Critics at home think the problem is just the opposite. In his book, "The Party: The Secret World of China's Communist Rulers," journalist Richard McGregor quotes one academic's complaint that "the sole dominant ideology shared by the government and the people is money worship."
He says that like it's a bad thing. But the money-worshipping China is a gargantuan improvement on the Mao-worshipping version.
Not that communism is entirely dead. The party remains in firm control of the government, and many enterprises are partly state-owned. Party committees operate in corporate workplaces, where they play the odd role of celebrating those who diligently serve the interests of shareholders.
Touring an auto plant near Shanghai that is part of a joint venture of General Motors and SAIC Motor, I saw more than one employee recognition poster adorned with a smiling face alongside a hammer-and-sickle -- signifying that the worker is a card-carrying Communist.

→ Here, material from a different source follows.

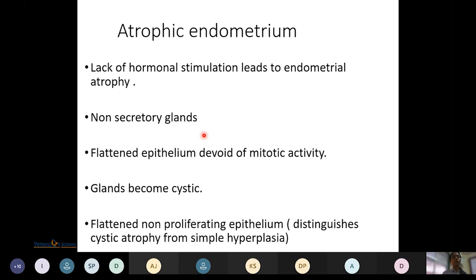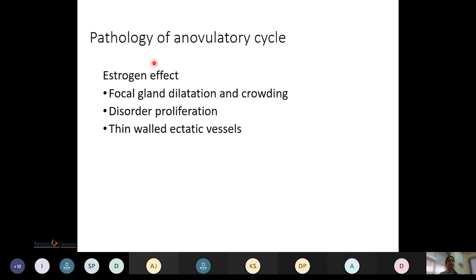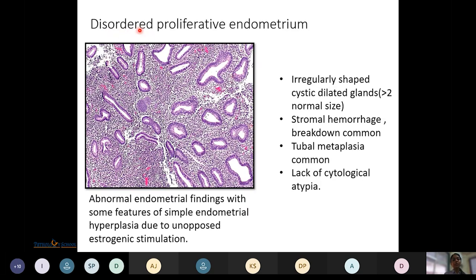Atrophic endometrium results from lack of hormonal stimulation; there are non-secretory glands, a flattened epithelium devoid of mitotic activity, and glands become cystic with flattened non-proliferating epithelium. This helps differentiate atrophy from hyperplasia. Anovulatory cycle pathology is due to estrogen effect without progesterone (as corpus luteum does not form), resulting in focal gland dilatation and crowding, disordered proliferation, and thin bald ectatic vessels. Disordered proliferative endometrium can result from an anovulatory cycle and may progress to hyperplasia.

What that means is hard to figure. One Chinese woman, hearing of my strong aversion to Marxist-Leninist ideology, introduced me to her husband, whom she attested is "very anti-communist" and who proceeded to express his discontent with the government.
He seems to have no trouble reconciling these views with his membership in the party. Even Communists no longer put much stock in communism.
Today, it's the consumer who rules, and it's buying and selling that dominates economic life. Mao's visage still dominates Beijing's Tiananmen Square, but his people seem to have more in common with Calvin Coolidge. At the Expo Central China, it's clear that the business of China is business.